Papago Golf Course in Tempe, Ariz., is going to be the new home track of Arizona State's golf squads. And that move will include the creation of a new practice facility that's being designed by Mickelson's design team and ASU's two head golf coaches, Matt Thurmond and Missy Farr-Kaye.
"This short-game facility is going to be the single greatest short-game facility in the country," Mickelson says in a video uploaded by Sun Devil Athletics. "It's not going to be the biggest, it's not going to be the most aesthetically beautiful. It's going to be the most functional."
During his four years at ASU, Mickelson won the NCAA individual championship three times, captured the 1990 U.S. Amateur, and even won a PGA Tour title, the 1991 Northern Telecom Open in nearby Tucson.
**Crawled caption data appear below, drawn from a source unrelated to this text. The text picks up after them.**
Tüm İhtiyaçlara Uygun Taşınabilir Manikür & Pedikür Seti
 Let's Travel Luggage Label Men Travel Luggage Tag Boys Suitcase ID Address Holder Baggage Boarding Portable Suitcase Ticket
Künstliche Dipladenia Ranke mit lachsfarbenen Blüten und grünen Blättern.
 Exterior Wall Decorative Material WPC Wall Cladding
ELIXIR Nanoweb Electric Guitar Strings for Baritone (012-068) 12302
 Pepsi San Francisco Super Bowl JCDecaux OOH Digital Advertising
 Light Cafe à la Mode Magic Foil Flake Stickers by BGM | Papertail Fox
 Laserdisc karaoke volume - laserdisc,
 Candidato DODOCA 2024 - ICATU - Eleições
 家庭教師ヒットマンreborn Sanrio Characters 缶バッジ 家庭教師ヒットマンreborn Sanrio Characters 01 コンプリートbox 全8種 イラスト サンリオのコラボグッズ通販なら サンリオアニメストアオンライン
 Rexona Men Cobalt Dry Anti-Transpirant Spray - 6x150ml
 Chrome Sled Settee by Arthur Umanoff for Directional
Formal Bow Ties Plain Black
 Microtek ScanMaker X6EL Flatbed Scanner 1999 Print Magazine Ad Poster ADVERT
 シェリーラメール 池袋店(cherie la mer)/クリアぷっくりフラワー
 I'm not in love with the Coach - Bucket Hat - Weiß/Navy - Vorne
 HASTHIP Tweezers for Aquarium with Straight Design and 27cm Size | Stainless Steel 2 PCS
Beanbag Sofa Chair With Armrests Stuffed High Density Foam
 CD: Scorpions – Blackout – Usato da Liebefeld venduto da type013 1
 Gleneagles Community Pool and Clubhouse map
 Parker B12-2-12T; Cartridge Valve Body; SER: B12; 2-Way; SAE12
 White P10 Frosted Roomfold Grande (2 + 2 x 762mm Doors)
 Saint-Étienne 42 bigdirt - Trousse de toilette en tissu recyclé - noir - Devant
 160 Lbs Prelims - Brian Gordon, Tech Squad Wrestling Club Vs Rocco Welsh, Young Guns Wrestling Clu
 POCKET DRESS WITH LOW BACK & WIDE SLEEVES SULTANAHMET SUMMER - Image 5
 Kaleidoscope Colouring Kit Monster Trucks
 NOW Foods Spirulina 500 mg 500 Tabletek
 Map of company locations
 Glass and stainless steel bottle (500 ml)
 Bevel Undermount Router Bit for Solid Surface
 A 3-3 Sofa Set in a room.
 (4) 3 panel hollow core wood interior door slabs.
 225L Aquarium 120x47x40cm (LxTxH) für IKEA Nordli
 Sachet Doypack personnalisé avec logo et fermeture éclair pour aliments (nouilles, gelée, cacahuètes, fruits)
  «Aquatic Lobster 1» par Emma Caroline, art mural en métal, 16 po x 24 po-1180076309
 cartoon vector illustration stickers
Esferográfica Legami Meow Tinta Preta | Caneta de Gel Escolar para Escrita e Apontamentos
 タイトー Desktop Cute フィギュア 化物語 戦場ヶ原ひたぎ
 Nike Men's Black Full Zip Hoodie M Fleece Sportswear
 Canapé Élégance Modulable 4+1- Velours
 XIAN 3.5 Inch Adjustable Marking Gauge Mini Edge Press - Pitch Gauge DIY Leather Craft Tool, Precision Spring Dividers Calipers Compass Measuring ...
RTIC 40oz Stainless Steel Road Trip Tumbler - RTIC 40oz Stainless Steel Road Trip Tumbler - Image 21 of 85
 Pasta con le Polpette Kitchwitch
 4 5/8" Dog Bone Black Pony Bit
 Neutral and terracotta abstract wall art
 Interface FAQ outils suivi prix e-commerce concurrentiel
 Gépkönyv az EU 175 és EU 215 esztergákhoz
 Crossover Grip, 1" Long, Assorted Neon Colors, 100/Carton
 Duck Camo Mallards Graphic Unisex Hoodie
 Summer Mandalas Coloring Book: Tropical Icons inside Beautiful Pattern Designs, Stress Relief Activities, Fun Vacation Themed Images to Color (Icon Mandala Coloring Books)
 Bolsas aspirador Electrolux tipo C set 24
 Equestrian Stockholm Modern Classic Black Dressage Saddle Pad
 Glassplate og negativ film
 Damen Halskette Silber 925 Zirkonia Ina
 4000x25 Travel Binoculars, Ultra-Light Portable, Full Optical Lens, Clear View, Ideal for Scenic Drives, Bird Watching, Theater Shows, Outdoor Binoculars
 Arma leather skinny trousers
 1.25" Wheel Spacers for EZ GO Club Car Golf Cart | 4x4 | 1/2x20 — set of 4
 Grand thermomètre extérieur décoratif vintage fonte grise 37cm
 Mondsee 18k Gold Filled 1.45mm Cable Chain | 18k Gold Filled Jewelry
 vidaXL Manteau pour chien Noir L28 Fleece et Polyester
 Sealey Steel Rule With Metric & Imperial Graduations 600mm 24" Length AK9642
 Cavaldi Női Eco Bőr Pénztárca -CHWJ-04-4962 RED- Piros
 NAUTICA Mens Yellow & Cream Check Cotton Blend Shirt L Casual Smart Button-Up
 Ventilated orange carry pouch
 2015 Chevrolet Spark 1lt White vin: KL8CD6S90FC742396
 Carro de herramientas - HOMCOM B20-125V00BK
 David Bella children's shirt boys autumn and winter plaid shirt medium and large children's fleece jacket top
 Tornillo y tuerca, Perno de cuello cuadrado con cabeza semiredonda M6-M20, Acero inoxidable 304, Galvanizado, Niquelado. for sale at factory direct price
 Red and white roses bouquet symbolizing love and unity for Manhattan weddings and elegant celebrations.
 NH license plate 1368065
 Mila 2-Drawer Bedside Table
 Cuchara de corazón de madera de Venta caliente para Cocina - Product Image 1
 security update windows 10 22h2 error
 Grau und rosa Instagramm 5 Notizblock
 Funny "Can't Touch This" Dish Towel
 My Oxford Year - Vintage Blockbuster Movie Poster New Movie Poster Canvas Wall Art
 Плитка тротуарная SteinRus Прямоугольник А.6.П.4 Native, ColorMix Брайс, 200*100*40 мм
Mickelson also led the Sun Devils to their first NCAA team championship in 1990 before graduating in 1992.
According to Golfweek, the school signed a 30-year agreement with Papago, and the practice facility will feature 6,750 square feet of indoor facilities and 2,400 square feet of covered outdoor space in addition to the short-game area and a driving range. Development of the Mickelson-designed short-game area is slated to get underway this year.
Elaborate facilities to attract recruits are becoming common in college athletics. Just recently, Clemson's football program opened a $55 million center that includes a golf simulator and a mini-golf course. Yes, that's the Clemson football program.
"We want to provide the ultimate training and learning environment for them," said Thurmond, who replaced Mickelson's brother, Tim, as men's head coach after he left to manage former ASU star Jon Rahm. "The place where you just simply can't afford not to be here, because it's so much better than anywhere else."